▶ _ABOUT THIS TASK_
Return the full set of entries precisely. Do not carry over any pictures.
= Beginning of Section =
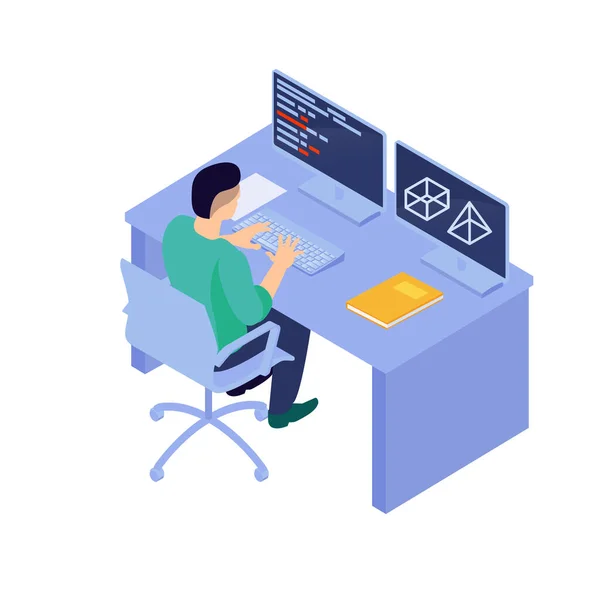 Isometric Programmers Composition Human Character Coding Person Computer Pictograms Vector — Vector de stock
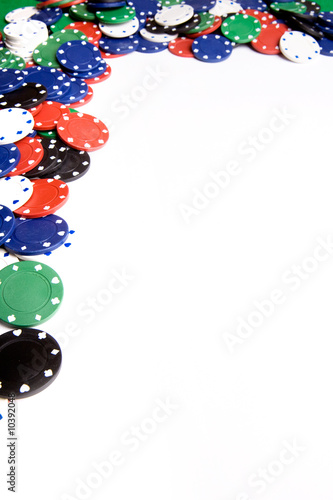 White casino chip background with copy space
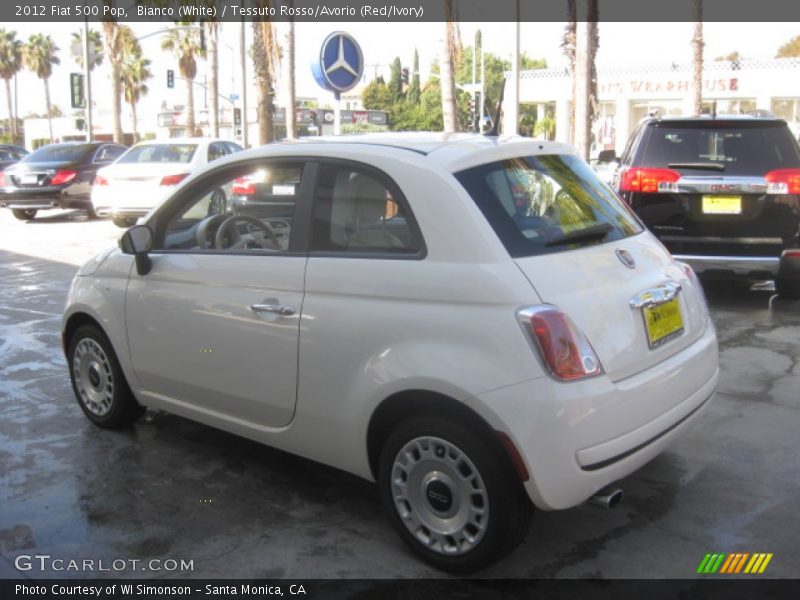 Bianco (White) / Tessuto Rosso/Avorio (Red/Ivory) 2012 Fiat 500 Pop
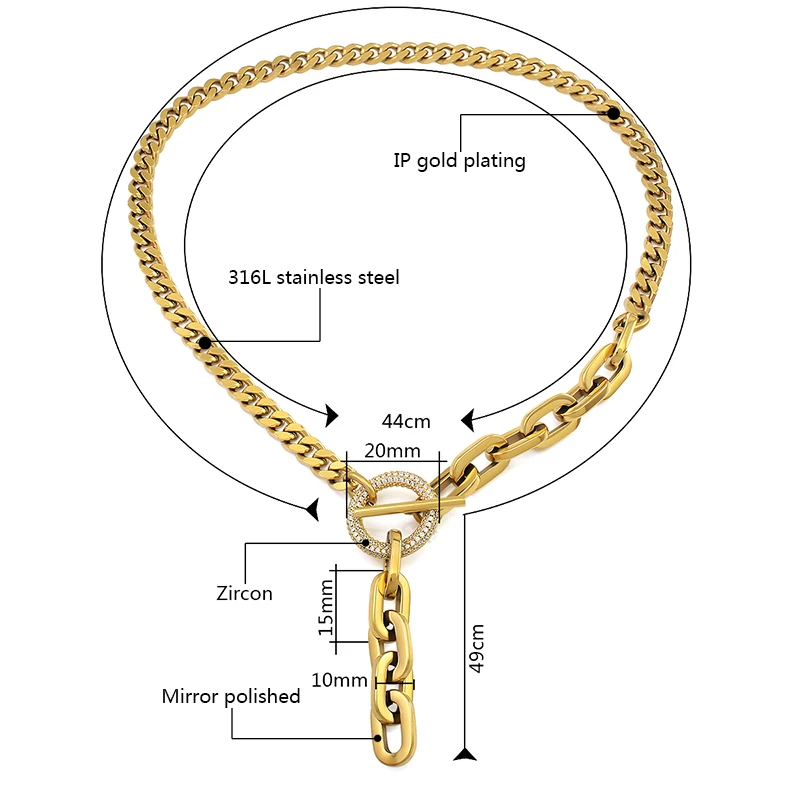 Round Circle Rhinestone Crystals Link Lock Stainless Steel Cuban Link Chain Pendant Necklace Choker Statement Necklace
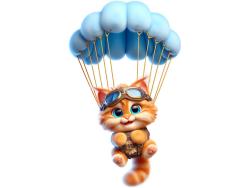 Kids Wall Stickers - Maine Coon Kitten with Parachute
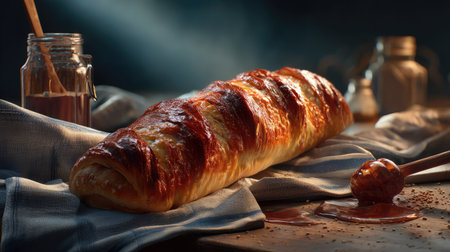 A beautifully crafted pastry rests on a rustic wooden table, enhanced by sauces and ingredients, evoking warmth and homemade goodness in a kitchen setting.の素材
= End of Section =
▶ _TASK SOLUTION_
 Isometric Programmers Composition Human Character Coding Person Computer Pictograms Vector — Vector de stock
 White casino chip background with copy space
 Bianco (White) / Tessuto Rosso/Avorio (Red/Ivory) 2012 Fiat 500 Pop
 Round Circle Rhinestone Crystals Link Lock Stainless Steel Cuban Link Chain Pendant Necklace Choker Statement Necklace
 Kids Wall Stickers - Maine Coon Kitten with Parachute
 A beautifully crafted pastry rests on a rustic wooden table, enhanced by sauces and ingredients, evoking warmth and homemade goodness in a kitchen setting.の素材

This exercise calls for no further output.